这画室曾经大得空空****,如今却小得不可思议。墙壁上,油画涂料处处斑驳,水磨石地板,污净不分,照明仅靠光秃秃的灯泡。两张行军床,一大一小,一看就是临时买来的。父亲的油画根本无处堆放,草草塞在床底下,堆得满满的。多余的60cm×60cm尺寸的画框堆叠起来,当作临时小桌子,散落着琳琅的药瓶。颜料全部干涸,皲裂,积满灰尘,调色刀和拖鞋扔在一起。没有厨房。卫生间阴暗,又潮又臭。
当晚,爸爸睡在旁边的小**,你和妈妈一起睡。你想抱她,触之,又缩回。母亲主动起来,虚弱地抱过你。
灯熄了,录音机开始转动,她说:“我现在每天晚上听听这个。”
是诵经的佛教音乐。随着一对磁芯缓缓转动,如一双眼睛,不祥地,冷漠地,缓缓转动,看着你们母女,吟唱安魂曲。
那磁带是舅舅送给妈妈的。你至今想不通,送什么不好,非要送一盘这样的佛音磁带。以致其后很多年,你一听到诵经的声音就恐惧。
母亲似乎睡去了,而你醒着,彻夜睁眼与天花板对视。躺在身边的这个女病人是谁?这个房间是什么鬼东西?这是在哪儿?父亲画过一整个系列的人物肖像,模特都是母亲。她坐在画框里常坐的地方,端然而笑,根本不把时间放在眼里。

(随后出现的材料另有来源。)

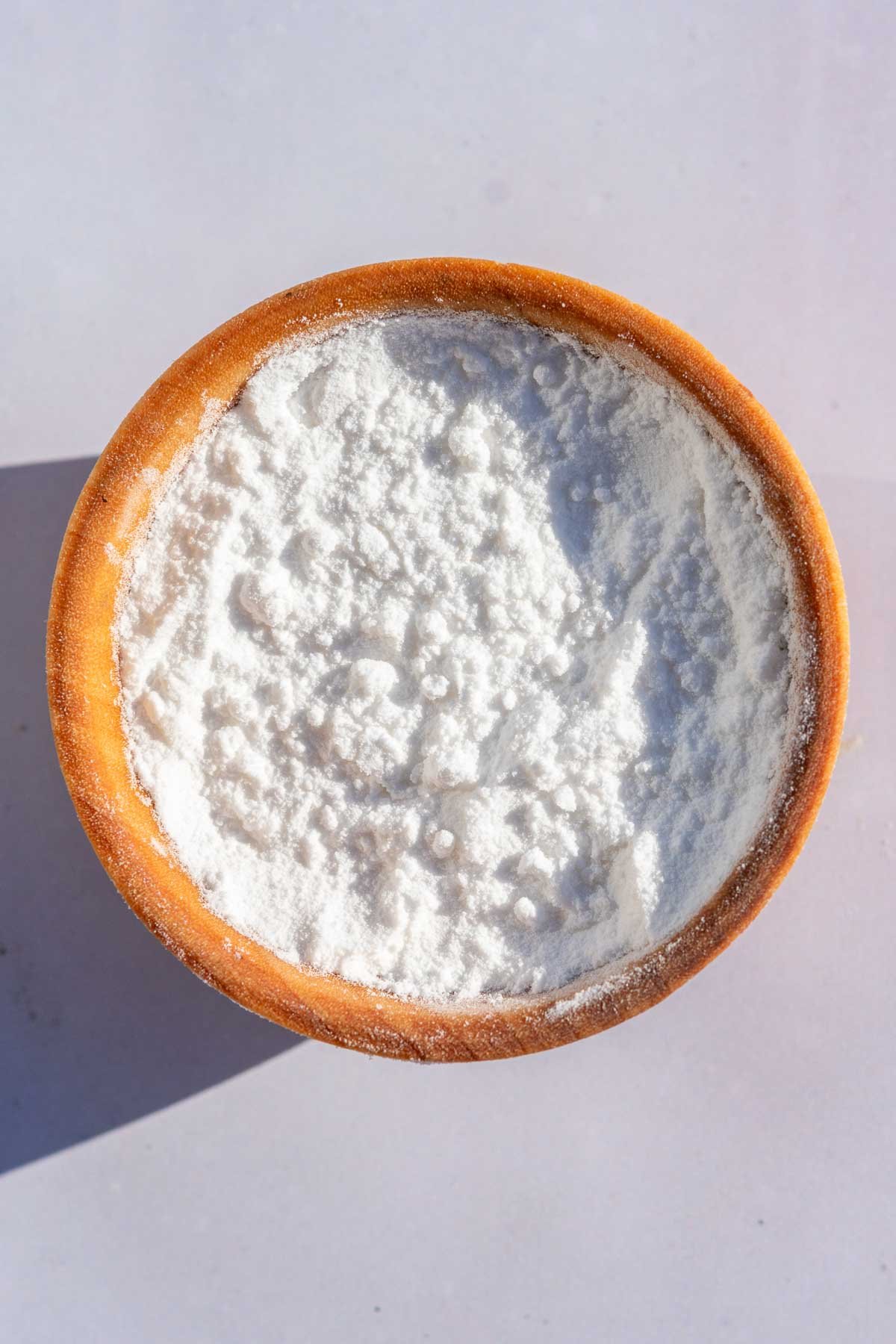 Close up of a small pinch bowl with cream of tartar.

那时候房间里的音乐是马勒,因为爸爸珍藏的那几瓶年份酒“只有马勒才配得上”。你一直想尝,但不知什么时候,已经空了瓶。那时候父母还是人人眼中的伉俪,一对璧人。那都是真的吗?画中人已被反扣着堆在床底下。
你一点一点地问自己,问空无。你想起她严厉地剪去你长发的那个小学毕业之夏,你为此哭闹不休。你想起她那一柜子的漂亮丝巾、精致的阳伞、黑鸭子合唱团CD,刚刚换了清水的百合花散发幽香。周日早晨,一家人懒懒起床,磨磨蹭蹭去吃早茶……
恰如纳博科夫在《说吧,记忆》里面提起维拉庄园的童年岁月:一切都应该如此,什么都不会改变,永远不会有人死。
3
两年后,十八岁那年的夏天,你再次回国。那是六月,临时画室终于退租了,理由却不是母亲好转。
母亲住进了重症病房,父亲日夜照料。那年暑假,你每天骑自行车,去医院看望她。她已经不再有人形。浑身插满各种管子:输液管、引流管、氧气管……瘦得……浑身骨头好像嫌在主人体内待着不舒服似的,纷纷想要从皮下钻出来。
你在她身边熬着,剥橘子,削水果,粥热了一遍又一遍。最后都是自己吃掉,因为她已无法进食,流食都不行。你陪着输液,在她偶尔回光返照的时候,陪她说一小会儿话。你几乎是逼着自己这么做的,每天,骑车去医院,强迫自己梦游。
整个六月,每天傍晚,你都在说:“妈妈,你好好休息,明天我再来看你。”
又一个清晨六点,你如诺去了。
母亲却没有如诺醒来。
那是十八岁的六月,你刚骑自行车到达医院,汗滴还在脸上发痒。无人的长长的走廊,脚步声只属于你。清晨六点的阳光,朝气蓬勃,无辜而无情,仿佛什么都没有发生。
你站在走廊里,一个人,感受透明般的寂静。
4
遗体告别仪式,你整个人一滴眼泪都没有掉下。父亲哑忍创痛,在灵柩即将被送入焚化炉的前一刻,泪水终于决堤,扑上去泣不成声。他跪伏的身形,像一把锈得无法打开的折叠刀,哭声经过努力压抑,依然撕心裂肺。父亲重复着:“静志啊,你安心走吧,我会照顾好咱们女儿的……”
你站在一边不为所动,仿佛眼前只是一幕电影而已,而灵柩里躺着的那具病身,根本不是你母亲。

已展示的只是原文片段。